### Exercise goal
Filter the entries for the word "Photo". Copy each line in which it occurs.

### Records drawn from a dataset
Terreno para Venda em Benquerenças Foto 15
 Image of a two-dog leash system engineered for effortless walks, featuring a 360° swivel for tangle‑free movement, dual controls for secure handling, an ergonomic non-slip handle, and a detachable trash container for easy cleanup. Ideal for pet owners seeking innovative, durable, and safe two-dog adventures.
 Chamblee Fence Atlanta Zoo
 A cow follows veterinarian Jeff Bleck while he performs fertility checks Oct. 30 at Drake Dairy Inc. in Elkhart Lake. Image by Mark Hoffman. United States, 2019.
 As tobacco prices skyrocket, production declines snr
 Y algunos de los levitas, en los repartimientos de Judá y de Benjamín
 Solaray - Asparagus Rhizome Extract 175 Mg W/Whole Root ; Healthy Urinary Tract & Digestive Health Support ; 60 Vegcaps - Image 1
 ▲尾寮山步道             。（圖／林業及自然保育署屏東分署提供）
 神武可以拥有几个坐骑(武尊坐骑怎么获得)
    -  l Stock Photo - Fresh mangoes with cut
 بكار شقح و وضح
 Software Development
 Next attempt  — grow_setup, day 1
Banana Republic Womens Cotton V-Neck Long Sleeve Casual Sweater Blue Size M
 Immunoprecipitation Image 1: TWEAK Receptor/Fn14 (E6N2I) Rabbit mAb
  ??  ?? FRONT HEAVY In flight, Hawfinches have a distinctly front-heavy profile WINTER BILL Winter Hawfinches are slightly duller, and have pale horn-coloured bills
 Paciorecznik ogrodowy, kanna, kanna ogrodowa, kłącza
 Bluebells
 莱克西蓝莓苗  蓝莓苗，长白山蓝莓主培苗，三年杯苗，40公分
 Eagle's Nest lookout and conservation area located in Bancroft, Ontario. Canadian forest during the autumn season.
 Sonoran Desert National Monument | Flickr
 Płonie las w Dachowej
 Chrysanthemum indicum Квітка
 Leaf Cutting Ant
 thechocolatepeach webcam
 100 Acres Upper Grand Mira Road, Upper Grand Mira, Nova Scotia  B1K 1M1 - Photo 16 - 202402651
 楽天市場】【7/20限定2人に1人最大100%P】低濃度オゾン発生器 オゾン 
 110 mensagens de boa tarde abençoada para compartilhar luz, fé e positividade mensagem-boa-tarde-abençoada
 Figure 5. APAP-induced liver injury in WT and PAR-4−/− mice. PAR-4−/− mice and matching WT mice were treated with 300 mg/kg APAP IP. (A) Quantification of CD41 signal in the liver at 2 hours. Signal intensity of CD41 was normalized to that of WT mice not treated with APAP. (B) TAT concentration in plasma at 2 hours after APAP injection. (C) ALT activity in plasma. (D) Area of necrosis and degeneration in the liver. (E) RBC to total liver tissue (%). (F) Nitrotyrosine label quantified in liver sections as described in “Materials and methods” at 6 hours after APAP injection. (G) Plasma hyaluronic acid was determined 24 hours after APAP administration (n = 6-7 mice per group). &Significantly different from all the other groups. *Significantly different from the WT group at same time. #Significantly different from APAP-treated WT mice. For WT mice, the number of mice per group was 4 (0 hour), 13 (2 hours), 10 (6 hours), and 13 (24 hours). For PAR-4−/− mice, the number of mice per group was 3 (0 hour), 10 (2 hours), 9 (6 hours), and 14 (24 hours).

### Solution below
    -  l Stock Photo - Fresh mangoes with cut
 100 Acres Upper Grand Mira Road, Upper Grand Mira, Nova Scotia  B1K 1M1 - Photo 16 - 202402651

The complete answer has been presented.